UC Berkeley chancellor’s professor of economics Emi Nakamura received the prestigious John Bates Clark Medal on Wednesday — the fourth woman to do so since the award’s inception in 1947.
The John Bates Clark Medal is considered by many in the profession as the “most important” award aside from the Nobel Prize, according to Alan Auerbach, chair of the campus’s department of economics. Each year in April, the American Economic Association, or AEA, awards the medal to an American economist under the age of 40 who has made the “most significant contribution to economics thought and knowledge,” according the AEA’s website.
Nakamura said she recalled feeling “a little bit blown away” when she heard that she had won the award. She said she has been recently focused on discovering new sources of data for studying monetary and fiscal policy. According to Nakamura, macroeconomists have historically drawn on traditional aggregated data sources such as the gross domestic product and the consumer price index, or CPI.
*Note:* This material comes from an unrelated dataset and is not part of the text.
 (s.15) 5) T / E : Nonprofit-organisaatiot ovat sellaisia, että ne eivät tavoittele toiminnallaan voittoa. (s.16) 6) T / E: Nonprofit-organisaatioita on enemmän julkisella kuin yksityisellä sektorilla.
“That’s what’s distinctly innovative about the work — it’s helped broaden the set of data sources and set of empirical methods,” said Jón Steinsson, chancellor’s professor of economics and co-author on much of her work.
For example, when researching price changes, Nakamura said she discovered files at the U.S. Bureau of Labor Statistics that included data dating back to the 1970s — a period of relatively high inflation. According to Nakamura, looking at individual price data underlying the CPI has allowed her to test theories of inflation in ways that she could not using the aggregate data alone.
Nakamura is the third faculty member within the campus’s economics department to win this award. Auerbach noted that although Nakamura only became a faculty member last summer, she has already made important contributions in areas of macroeconomics through “careful, innovative” analysis of lower-level data rather than data from the national level.
“People in the profession already knew that she’s an exceptional economist,” Auerbach said. “(The award) is an important signal by the profession of the importance of her work.”
Vice Provost for the Faculty and economics professor Benjamin Hermalin cited the “great importance” of Nakamura’s work on price setting, monetary policy and fiscal policy, which he added has provided some of the “most convincing analysis to date” on how fiscal policy affects the economy.
According to Nakamura, she uses “natural experiments” to study fiscal policy, as it’s generally “not possible” for macroeconomists to carry out randomized controlled experiments. Nakamura and Steinsson used national military buildups and drawdowns as a natural experiment to study the effects of fiscal stimulus, as different states are exposed in different ways to national military spending.
“The Clark medal is given to someone who has made major and significant — field-changing — impacts on the field of economics,” Hermalin said in an email. “Emi has done that.”